#### Exercise brief:
Below are some records; quote exactly the lines from the one that contains "Slavutich Apartments Near" through the one that contains "Citroen DS5 SportChic", inclusive, and no others.
━━━━━━━━
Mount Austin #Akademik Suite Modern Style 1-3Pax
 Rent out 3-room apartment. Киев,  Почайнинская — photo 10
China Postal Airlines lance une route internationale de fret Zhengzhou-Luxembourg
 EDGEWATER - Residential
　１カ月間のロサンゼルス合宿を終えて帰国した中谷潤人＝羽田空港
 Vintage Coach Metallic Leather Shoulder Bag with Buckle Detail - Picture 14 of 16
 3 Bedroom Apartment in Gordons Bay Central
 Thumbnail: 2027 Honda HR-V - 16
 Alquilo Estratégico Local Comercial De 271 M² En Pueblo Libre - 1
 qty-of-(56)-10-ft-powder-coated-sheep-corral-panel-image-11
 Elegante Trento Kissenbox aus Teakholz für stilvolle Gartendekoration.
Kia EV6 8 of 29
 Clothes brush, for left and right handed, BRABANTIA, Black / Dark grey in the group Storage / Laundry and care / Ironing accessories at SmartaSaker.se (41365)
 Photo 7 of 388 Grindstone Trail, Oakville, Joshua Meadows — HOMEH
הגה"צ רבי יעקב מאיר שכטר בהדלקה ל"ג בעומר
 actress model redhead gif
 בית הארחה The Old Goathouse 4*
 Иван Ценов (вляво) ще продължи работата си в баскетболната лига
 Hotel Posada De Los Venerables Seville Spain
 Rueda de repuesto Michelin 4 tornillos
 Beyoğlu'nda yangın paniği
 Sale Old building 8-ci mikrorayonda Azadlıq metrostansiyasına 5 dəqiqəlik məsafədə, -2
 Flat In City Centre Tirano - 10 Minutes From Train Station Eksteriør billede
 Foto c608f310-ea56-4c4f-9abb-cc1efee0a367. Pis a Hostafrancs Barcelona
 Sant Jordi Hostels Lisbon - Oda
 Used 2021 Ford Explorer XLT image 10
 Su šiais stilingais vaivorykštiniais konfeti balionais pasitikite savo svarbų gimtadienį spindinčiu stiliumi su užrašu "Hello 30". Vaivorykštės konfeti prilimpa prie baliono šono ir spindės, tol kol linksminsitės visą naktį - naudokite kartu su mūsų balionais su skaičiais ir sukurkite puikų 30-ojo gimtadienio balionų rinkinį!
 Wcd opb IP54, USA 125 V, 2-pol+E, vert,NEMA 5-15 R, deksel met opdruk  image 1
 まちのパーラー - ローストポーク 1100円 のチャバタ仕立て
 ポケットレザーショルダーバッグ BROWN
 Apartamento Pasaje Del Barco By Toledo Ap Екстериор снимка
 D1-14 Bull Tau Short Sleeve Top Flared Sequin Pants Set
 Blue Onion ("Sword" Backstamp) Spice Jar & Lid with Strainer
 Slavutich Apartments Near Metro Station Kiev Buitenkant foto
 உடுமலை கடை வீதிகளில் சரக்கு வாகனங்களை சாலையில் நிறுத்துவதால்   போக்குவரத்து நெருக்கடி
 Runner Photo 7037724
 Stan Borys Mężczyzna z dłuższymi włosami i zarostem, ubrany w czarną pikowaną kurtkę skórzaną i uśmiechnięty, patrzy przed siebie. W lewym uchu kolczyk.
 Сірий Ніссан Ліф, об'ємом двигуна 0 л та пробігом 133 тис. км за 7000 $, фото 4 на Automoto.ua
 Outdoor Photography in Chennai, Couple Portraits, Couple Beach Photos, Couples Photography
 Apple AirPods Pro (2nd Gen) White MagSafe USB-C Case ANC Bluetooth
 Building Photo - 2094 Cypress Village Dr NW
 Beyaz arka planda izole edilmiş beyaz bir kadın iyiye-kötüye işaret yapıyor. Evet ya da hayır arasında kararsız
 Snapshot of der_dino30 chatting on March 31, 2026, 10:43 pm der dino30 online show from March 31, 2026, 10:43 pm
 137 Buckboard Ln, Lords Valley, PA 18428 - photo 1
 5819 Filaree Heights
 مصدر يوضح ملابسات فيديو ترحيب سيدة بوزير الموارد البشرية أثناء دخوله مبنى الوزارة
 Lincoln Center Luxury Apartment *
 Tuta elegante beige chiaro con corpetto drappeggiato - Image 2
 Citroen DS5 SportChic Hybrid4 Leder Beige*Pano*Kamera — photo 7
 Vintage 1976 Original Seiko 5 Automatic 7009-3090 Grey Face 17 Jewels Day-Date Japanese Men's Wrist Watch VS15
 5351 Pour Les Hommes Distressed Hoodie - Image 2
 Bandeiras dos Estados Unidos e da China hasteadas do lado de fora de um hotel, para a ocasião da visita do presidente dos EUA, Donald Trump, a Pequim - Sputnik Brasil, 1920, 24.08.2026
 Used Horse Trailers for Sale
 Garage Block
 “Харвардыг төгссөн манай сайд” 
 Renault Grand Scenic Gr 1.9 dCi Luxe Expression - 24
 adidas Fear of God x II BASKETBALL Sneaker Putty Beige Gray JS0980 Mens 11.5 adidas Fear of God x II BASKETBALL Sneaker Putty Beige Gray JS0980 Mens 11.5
━━━━━━━━
#### The completed task:
 Slavutich Apartments Near Metro Station Kiev Buitenkant foto
 உடுமலை கடை வீதிகளில் சரக்கு வாகனங்களை சாலையில் நிறுத்துவதால்   போக்குவரத்து நெருக்கடி
 Runner Photo 7037724
 Stan Borys Mężczyzna z dłuższymi włosami i zarostem, ubrany w czarną pikowaną kurtkę skórzaną i uśmiechnięty, patrzy przed siebie. W lewym uchu kolczyk.
 Сірий Ніссан Ліф, об'ємом двигуна 0 л та пробігом 133 тис. км за 7000 $, фото 4 на Automoto.ua
 Outdoor Photography in Chennai, Couple Portraits, Couple Beach Photos, Couples Photography
 Apple AirPods Pro (2nd Gen) White MagSafe USB-C Case ANC Bluetooth
 Building Photo - 2094 Cypress Village Dr NW
 Beyaz arka planda izole edilmiş beyaz bir kadın iyiye-kötüye işaret yapıyor. Evet ya da hayır arasında kararsız
 Snapshot of der_dino30 chatting on March 31, 2026, 10:43 pm der dino30 online show from March 31, 2026, 10:43 pm
 137 Buckboard Ln, Lords Valley, PA 18428 - photo 1
 5819 Filaree Heights
 مصدر يوضح ملابسات فيديو ترحيب سيدة بوزير الموارد البشرية أثناء دخوله مبنى الوزارة
 Lincoln Center Luxury Apartment *
 Tuta elegante beige chiaro con corpetto drappeggiato - Image 2
 Citroen DS5 SportChic Hybrid4 Leder Beige*Pano*Kamera — photo 7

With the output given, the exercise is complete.